**Problem description:** The entries below are to be written out again without alteration.

═════ Given records ═════

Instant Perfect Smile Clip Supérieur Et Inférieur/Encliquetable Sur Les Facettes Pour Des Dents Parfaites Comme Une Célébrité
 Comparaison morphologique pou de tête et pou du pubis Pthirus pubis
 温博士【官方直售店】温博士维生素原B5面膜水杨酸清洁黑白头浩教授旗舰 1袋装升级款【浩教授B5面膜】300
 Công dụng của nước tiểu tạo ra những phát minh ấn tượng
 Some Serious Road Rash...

═════

**Written answer:**
Instant Perfect Smile Clip Supérieur Et Inférieur/Encliquetable Sur Les Facettes Pour Des Dents Parfaites Comme Une Célébrité
 Comparaison morphologique pou de tête et pou du pubis Pthirus pubis
 温博士【官方直售店】温博士维生素原B5面膜水杨酸清洁黑白头浩教授旗舰 1袋装升级款【浩教授B5面膜】300
 Công dụng của nước tiểu tạo ra những phát minh ấn tượng
 Some Serious Road Rash...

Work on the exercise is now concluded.